JPB – “I AM STRONGER THAN FEAR “ é um dos seus últimos poemas em homenagem declarada ao actual Prémio Nobel da Paz Malala, mostrando a profundidade dos seus sentimentos. É um escritor e um homem de grandes sentimentos e afetos pelas pessoas que fazem o Bem neste mundo e sente “necessidade” de os espelhar nos seus textos?
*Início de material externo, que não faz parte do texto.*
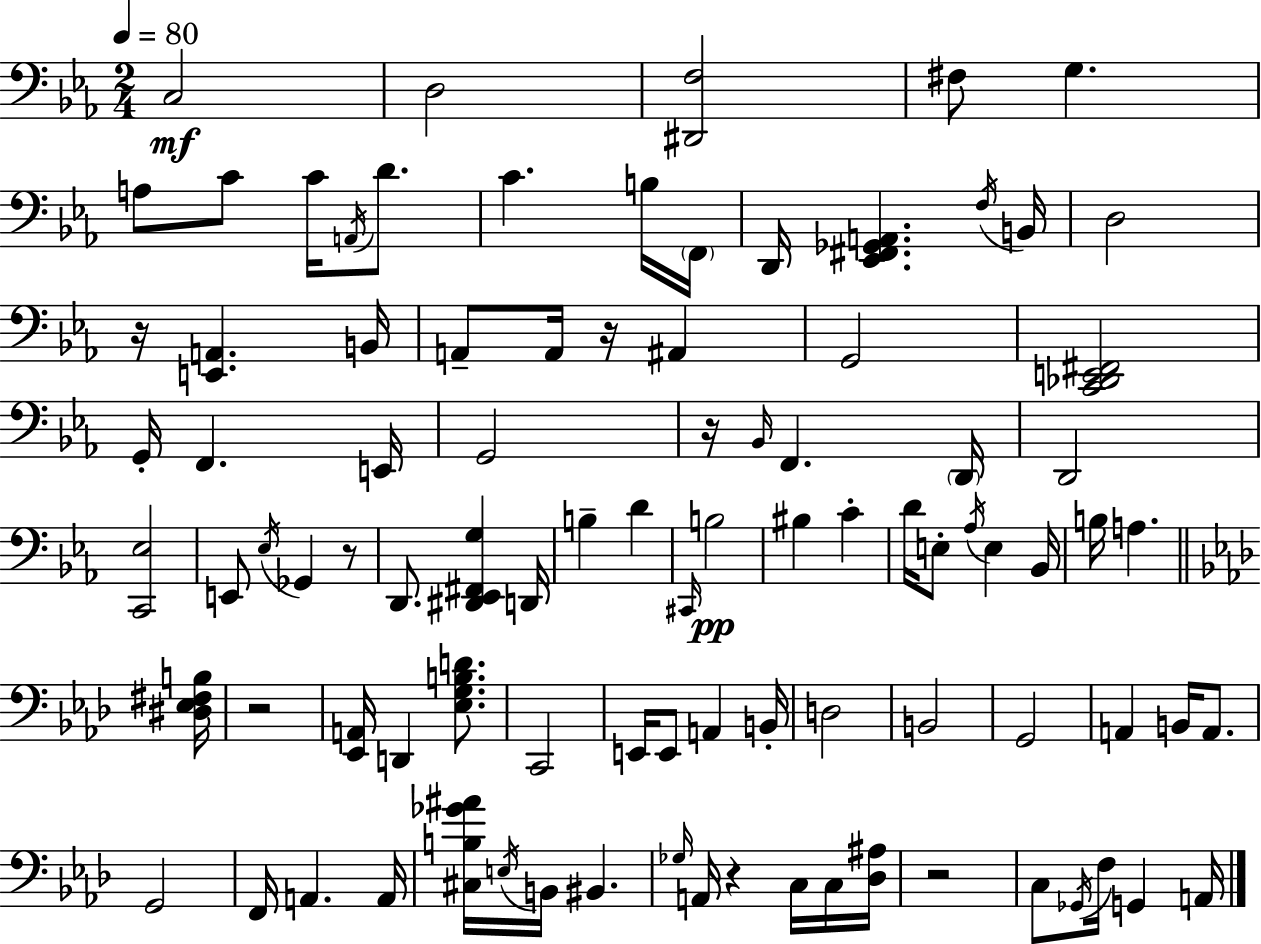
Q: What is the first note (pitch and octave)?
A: C3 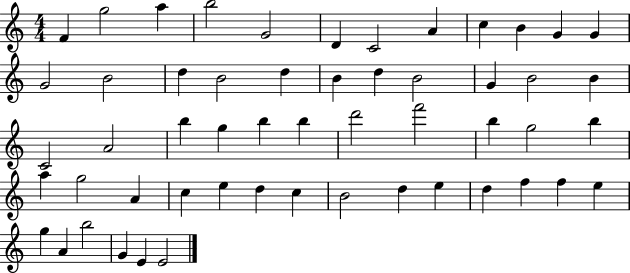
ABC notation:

X:1
T:Untitled
M:4/4
L:1/4
K:C
F g2 a b2 G2 D C2 A c B G G G2 B2 d B2 d B d B2 G B2 B C2 A2 b g b b d'2 f'2 b g2 b a g2 A c e d c B2 d e d f f e g A b2 G E E2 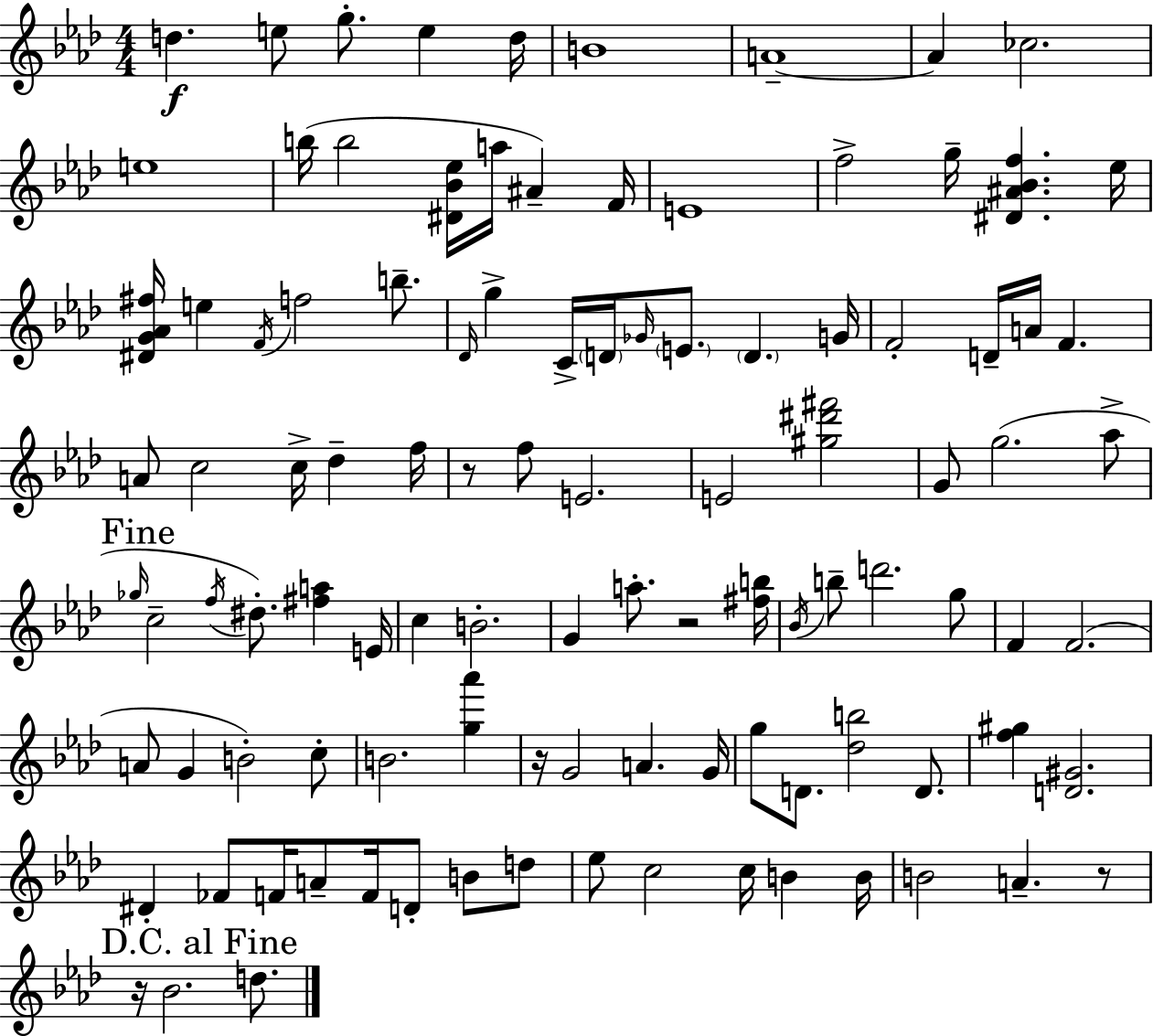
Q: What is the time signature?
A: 4/4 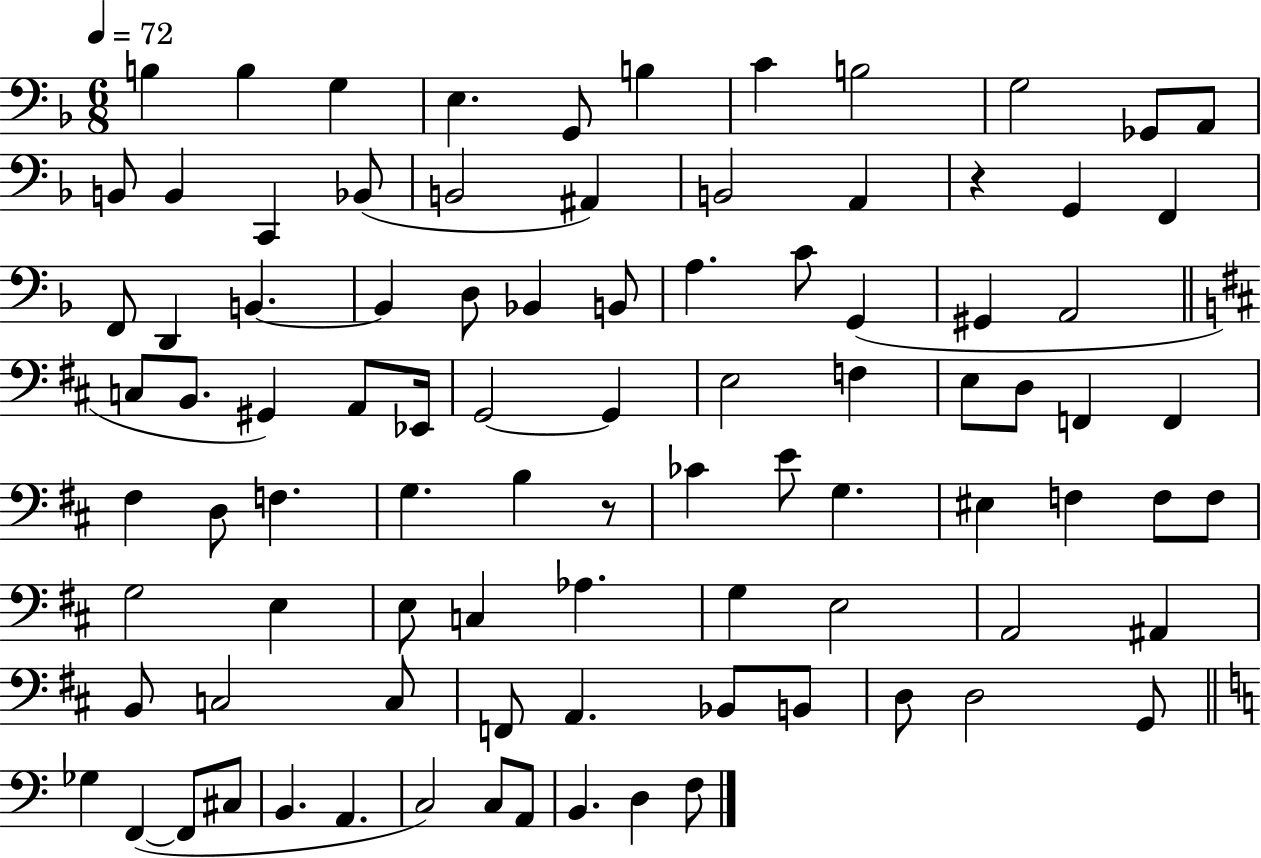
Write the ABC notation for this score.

X:1
T:Untitled
M:6/8
L:1/4
K:F
B, B, G, E, G,,/2 B, C B,2 G,2 _G,,/2 A,,/2 B,,/2 B,, C,, _B,,/2 B,,2 ^A,, B,,2 A,, z G,, F,, F,,/2 D,, B,, B,, D,/2 _B,, B,,/2 A, C/2 G,, ^G,, A,,2 C,/2 B,,/2 ^G,, A,,/2 _E,,/4 G,,2 G,, E,2 F, E,/2 D,/2 F,, F,, ^F, D,/2 F, G, B, z/2 _C E/2 G, ^E, F, F,/2 F,/2 G,2 E, E,/2 C, _A, G, E,2 A,,2 ^A,, B,,/2 C,2 C,/2 F,,/2 A,, _B,,/2 B,,/2 D,/2 D,2 G,,/2 _G, F,, F,,/2 ^C,/2 B,, A,, C,2 C,/2 A,,/2 B,, D, F,/2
Jorge Ferreira - Entrei no mundo da poesia há menos de meio ano, senti que o tinha de o fazer, tento ser versátil no que escrevo e este é um dos poemas temáticos entre outros. Estou a lembrar-me do poema que dediquei ao Robin Williams e um outro poema dedicado às mulheres que sofrem de violência doméstica. O poema dedicado ao Robin Williams traduziu-se numa singela homenagem à sua carreira, um verdadeiro ícone do cinema e do mundo artístico. O meu poema dedicado às mulheres que sofrem de violência doméstica é um grito do silêncio que é partilhado infelizmente por milhões de mulheres. Quanto à Malala, não pude ficar indiferente, pois, há milhares de Malalas por todo o mundo. Esta rapariga inspirou-me ao afirmar que “ um aluno, um professor, um livro e uma caneta podem mudar o mundo”. À partida uma frase muito simples, mas, com grande poder, manifestado por ela que tem vindo a conseguir mudar a consciência colectiva.

 

JPB - Pertence à recente criada “MAR D'ARTES - Associação de Cultura e Arte – Portugal “, cujo intuito principal é a de promover e dinamizar as Artes e a Cultura, pautada pela criatividade e liberdade de expressão artística. Até que ponto é que considera, com tantas Associações do género no nosso país e numa altura de enorme crise cultural em Portugal, que esta nova Associação e o Jorge em particular poderá trazer de novo para que os jovens escritores possam ter uma palavra cativa?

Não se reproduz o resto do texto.